Shape the backbone of a growing AI platform as a Staff Site Reliability Engineer. You'll ensure production systems remain stable, secure, and scalable across AWS infrastructure, with a focus on EKS, Istio, and GitOps-driven workflows. This role is central to maintaining system health, improving automation, and enabling fast, reliable deployments in a cloud-native environment.
What You’ll Do
- Operate and optimize AWS environments, ensuring high availability and performance across EC2, EKS, IAM, and networking services.
- Manage Kubernetes clusters for workload stability, scaling, and configuration integrity.
- Implement and maintain Istio service mesh for secure traffic management and observability.
- Support GitOps pipelines using Flux CD to enforce consistent, auditable infrastructure changes.
- Build automation tools and platform-level improvements that enhance developer velocity and system resilience.
- Design and maintain monitoring, logging, and tracing systems across AI models, microservices, and data workflows.
- Lead incident response efforts, conduct root cause analysis, and drive long-term fixes.
- Collaborate with development teams to improve deployment practices and operational readiness.
- Support nx-based monorepos to streamline development workflows at scale.
- Participate in an on-call rotation to ensure system reliability around the clock.
What We’re Looking For
- Proven experience with core AWS services including EKS, EC2, IAM, VPC, and load balancing in production environments.
- Strong Kubernetes expertise, particularly with EKS—covering autoscaling, networking, RBAC, and cluster lifecycle management.
- Hands-on work with Istio or similar service mesh technologies.
- Experience with GitHub and GitHub Actions for CI/CD pipeline development and maintenance.
- Familiarity with monorepo architectures, especially nx.
- Understanding of GitOps principles and tools like Flux CD.
- Solid foundation in Linux, containerization, Docker, and networking concepts.
- Proficiency with infrastructure-as-code tools such as CDK or Terraform.
- Knowledge of SLOs, error budgets, incident response, and production best practices.
- Excellent written and verbal communication skills in English.
What You’ll Receive
- Indefinite contract with full legal benefits in Colombia
- Prepaid health insurance and life coverage
- Internet and home office allowances
- Competitive salary above market average
- Full remote flexibility with strong work-life balance
- Annual personal time-off allowance
- Sick leave top-up covering 100% of salary from Day 3 to Day 90
- Service recognition awards, including extra paid time off
- Vacation bonus after 5 years of service
- Training budget to support continuous learning
- Mentorship from seasoned technical leaders
Our Culture
We believe diverse perspectives drive innovation.

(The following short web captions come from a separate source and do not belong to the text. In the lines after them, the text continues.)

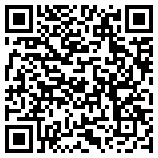QR Code for Jr McDowell Real Estate in Scottsdale, AZ 85258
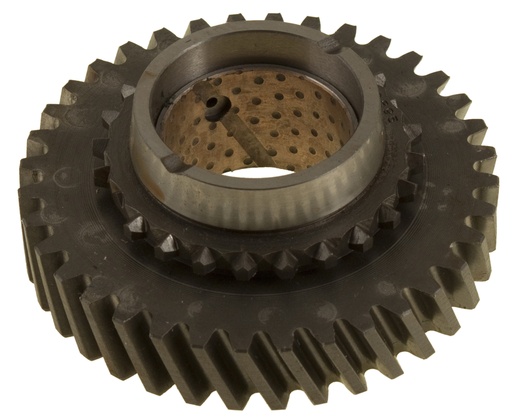 [380895] Tandwiel versnellingsbak M40+M41 140, 145, 164, Amazon 121, Amazon 122 S, Amazon 220, C202, C303, P 1800, P 1800 E, P 1800 ES, P 210 Duett, PV 445 DUETT, Pv 544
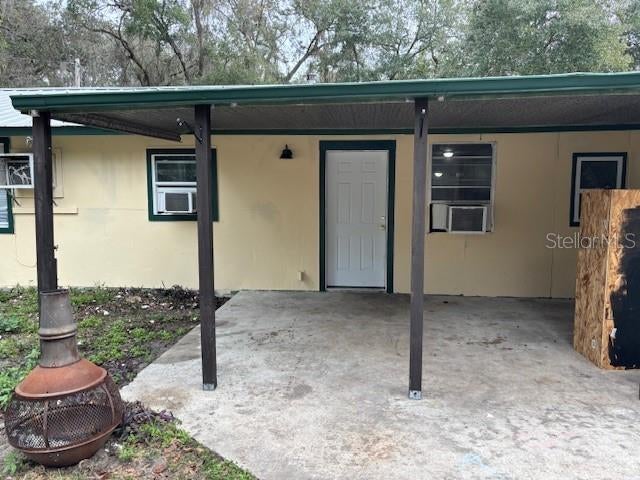 Photo of Listing #GC536251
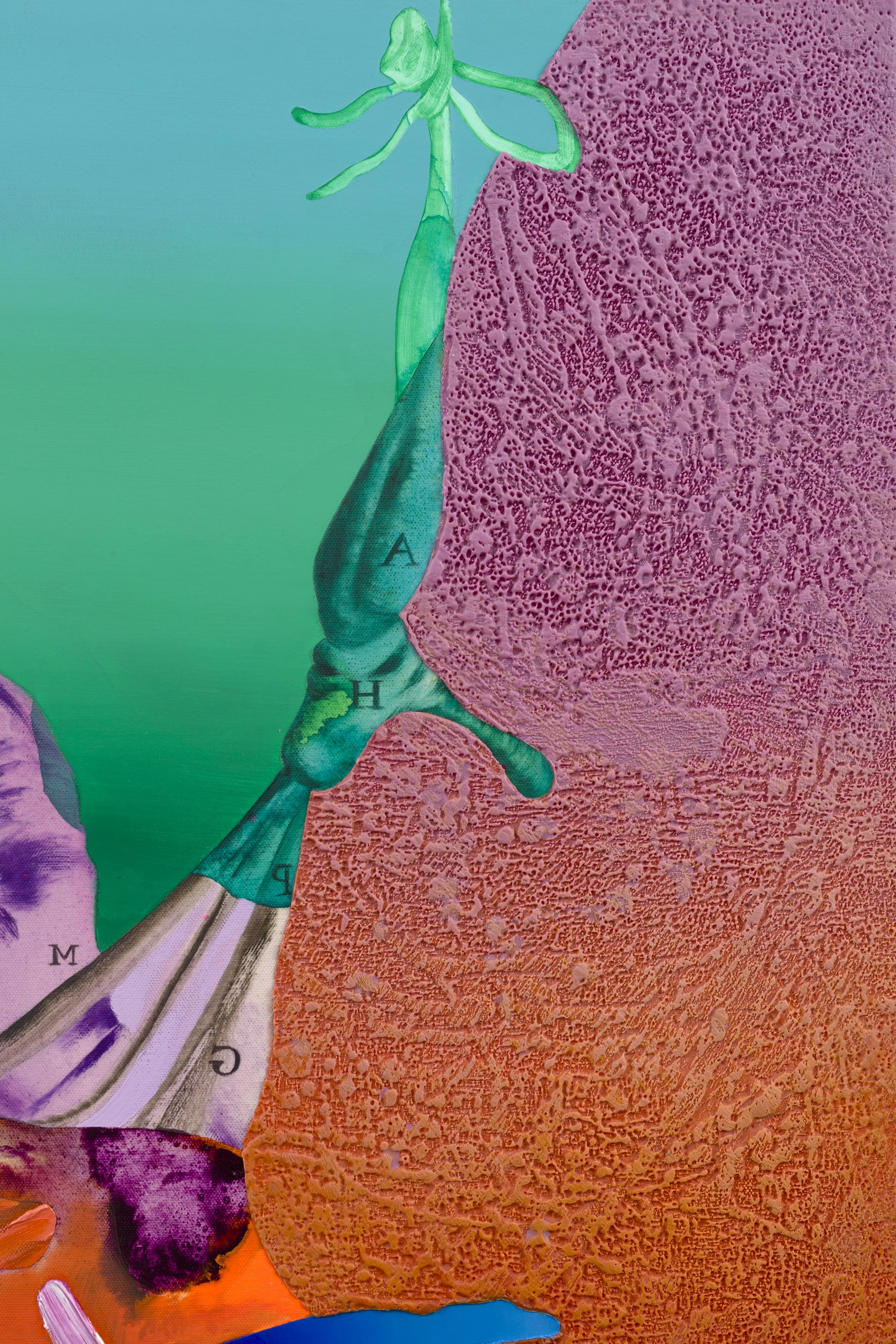 IS_26_08_24_108_LO_RES.jpg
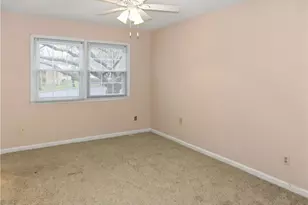 4610 Lawndale Dr, Greensboro, NC 27455 - Photo 6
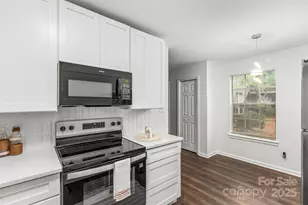 3824 Country Club Rd, Winston Salem, NC 27104 - Photo 20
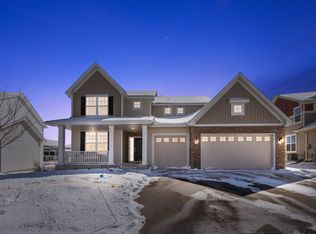 19363 Primrose Ln, Hamel, MN 55340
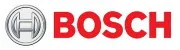 Дрель алмазного сверления Bosch GDB 350 WE Professional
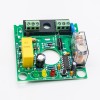Water Pump Automatic Pressure Control Electronic Switch Circuit Board AC220V-240V Module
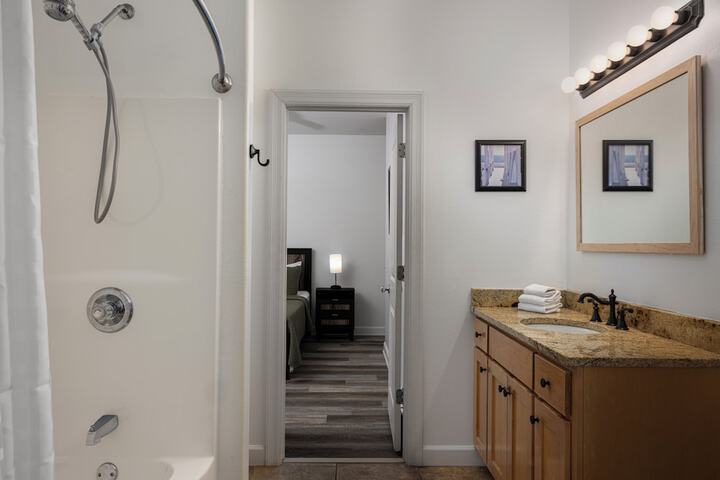 Room 54 of 84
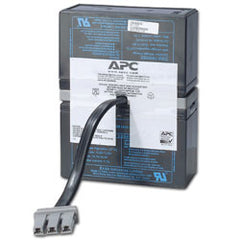 Schneider Electric RBC33 Replacement Battery for BR1500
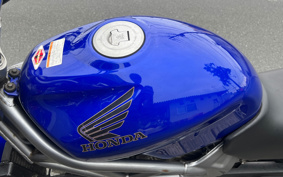 HONDA VTR 250 MC33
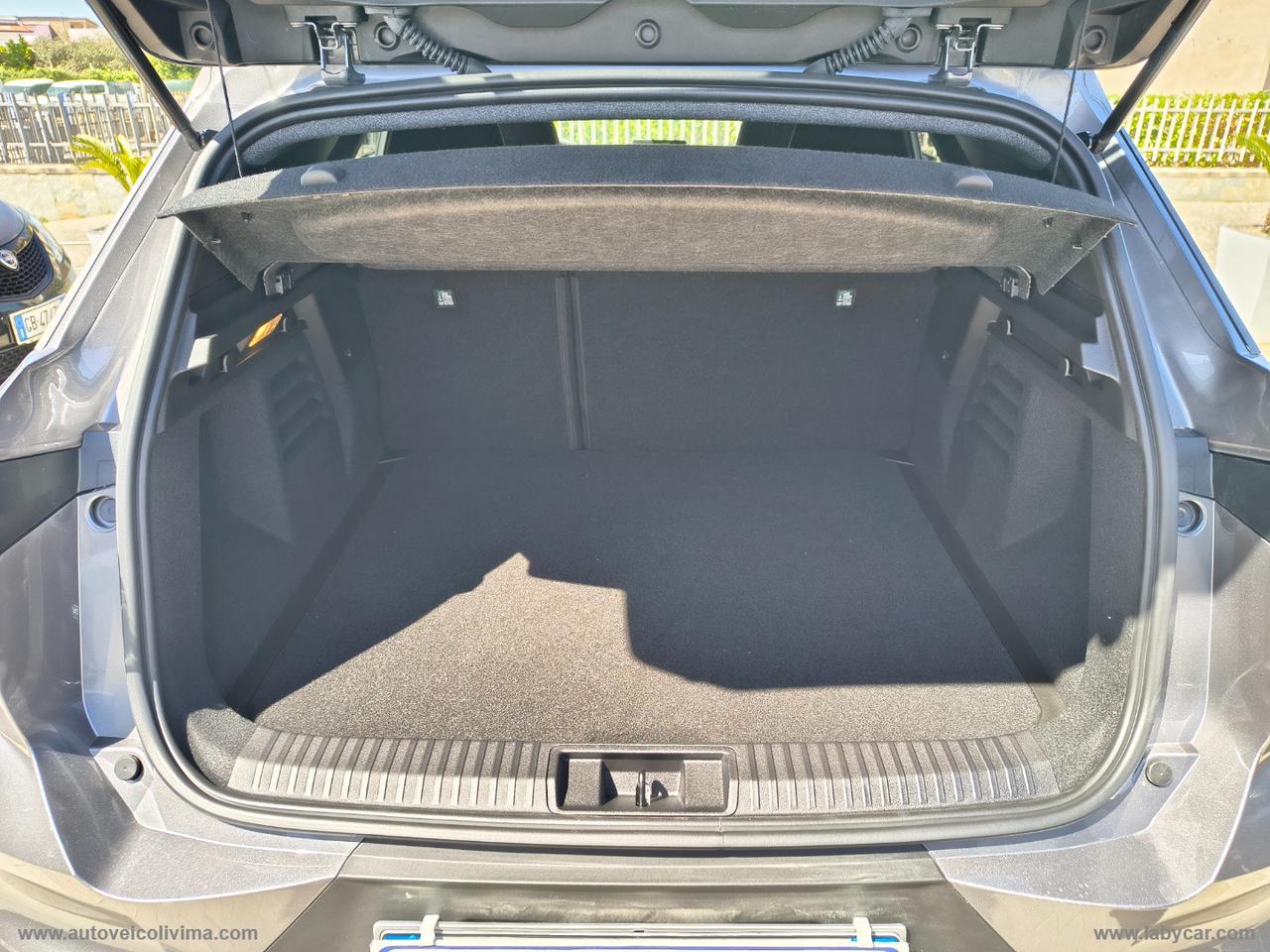RENAULT Symbioz Eco-G 120 CV Techno KM 0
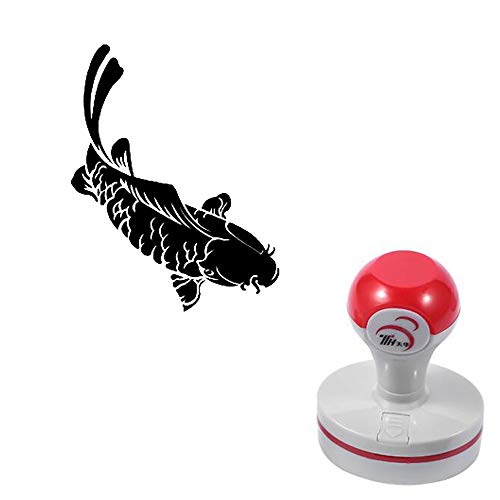 Seasonstorm t@V[   ZtCN vi[XNbvubN X^v J[h쐬 obgW[i A[gTvC Eh 1.6C` ubNCN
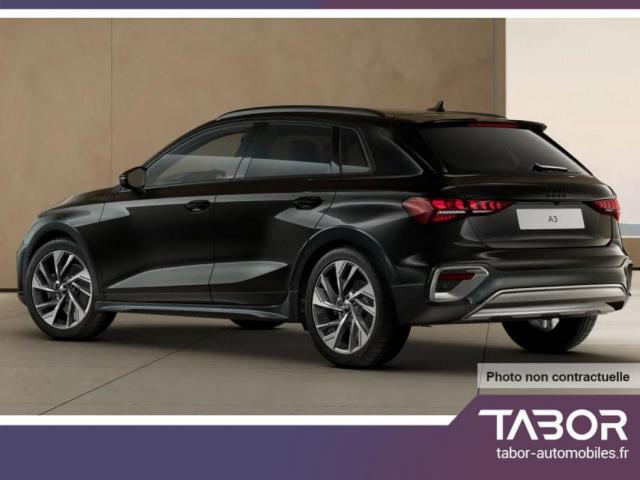 Audi A3 image 7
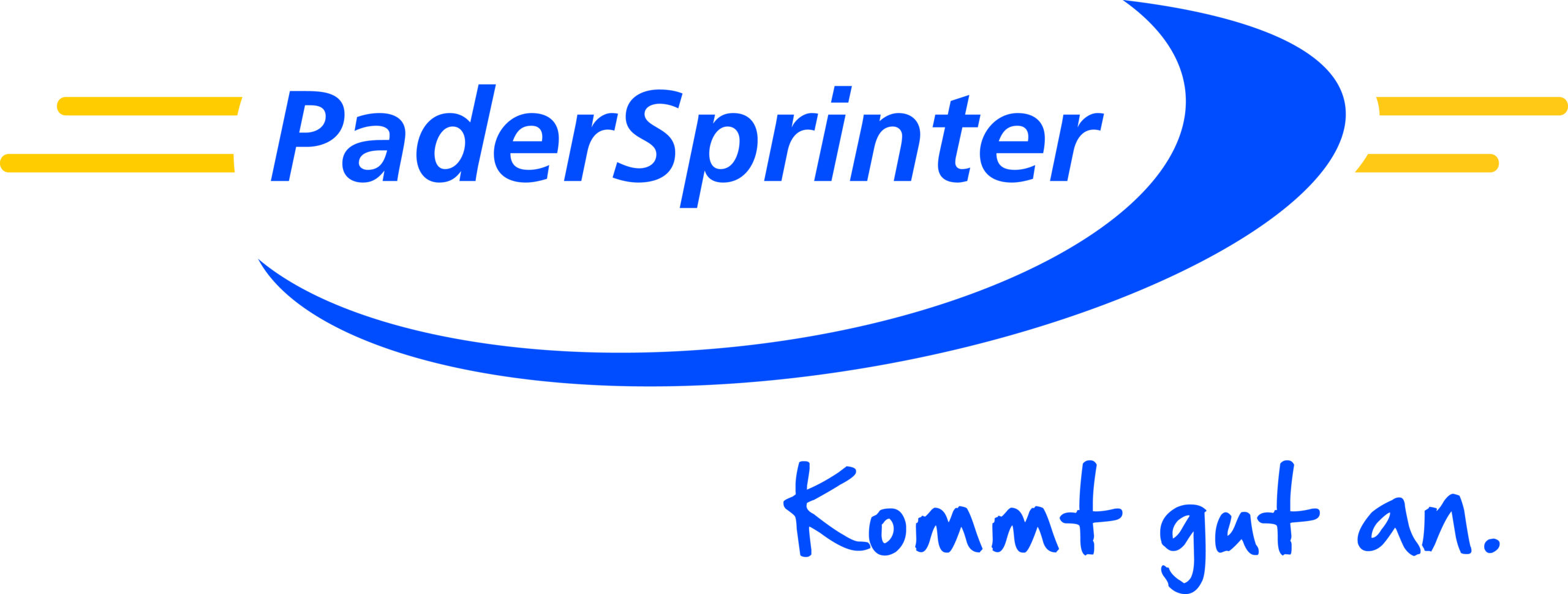 Kooperationen 8 Kooperationen 6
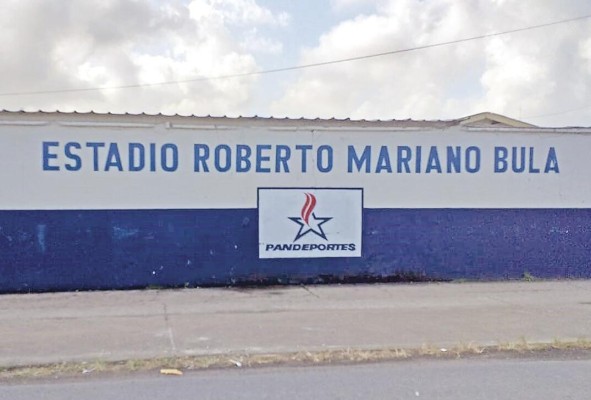 Estadio Mariano Bula Estadio Mariano Bula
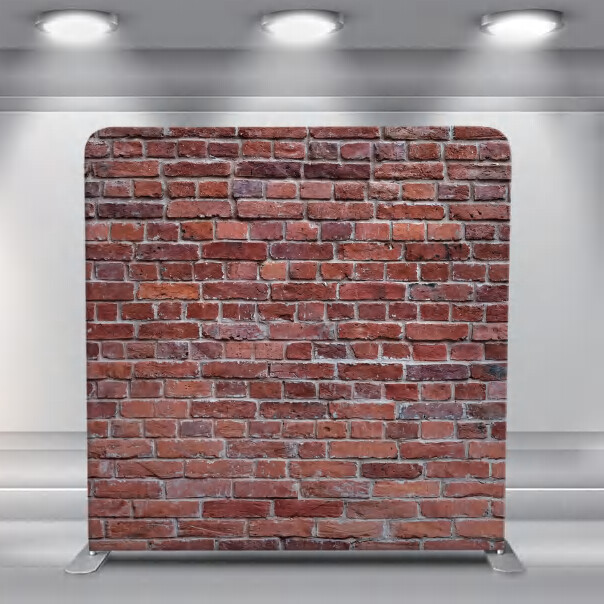 Bricks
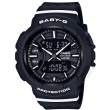 ���� Casio BGA-240-1A1ER - ���� �2
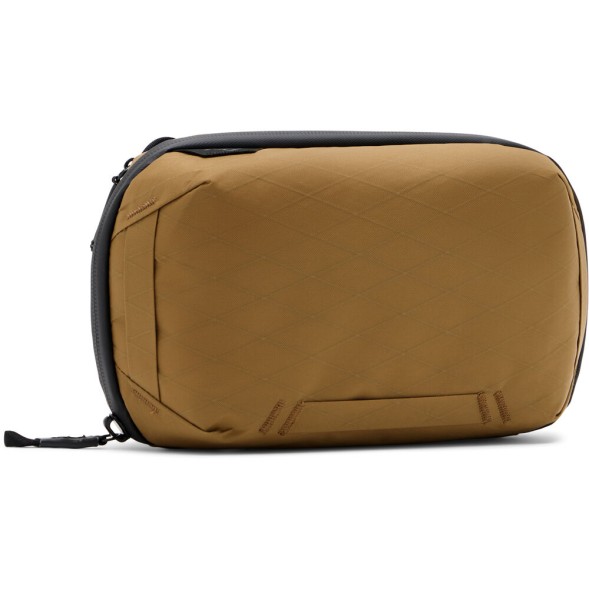 Сумка Peak Design Tech Pouch Coyote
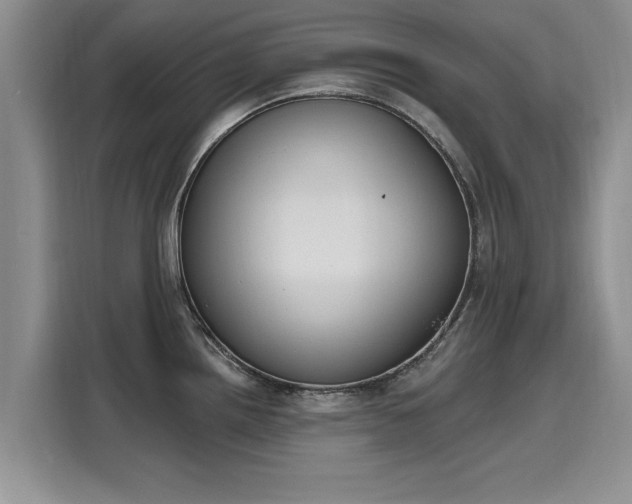 X0000116151242200911301534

Our environment values independence, trust, and accountability—where ideas are heard, collaboration is natural, and growth is supported. We promote inclusivity, encourage knowledge sharing, and recognize contributions meaningfully. With a global footprint and remote-first mindset, we offer room to lead, learn, and shape the future.
Equal Opportunity
We encourage applicants from all backgrounds. Committed to equity and inclusion, we aim to reflect the diversity of our users in every team we build. Everyone is welcome to contribute, grow, and belong.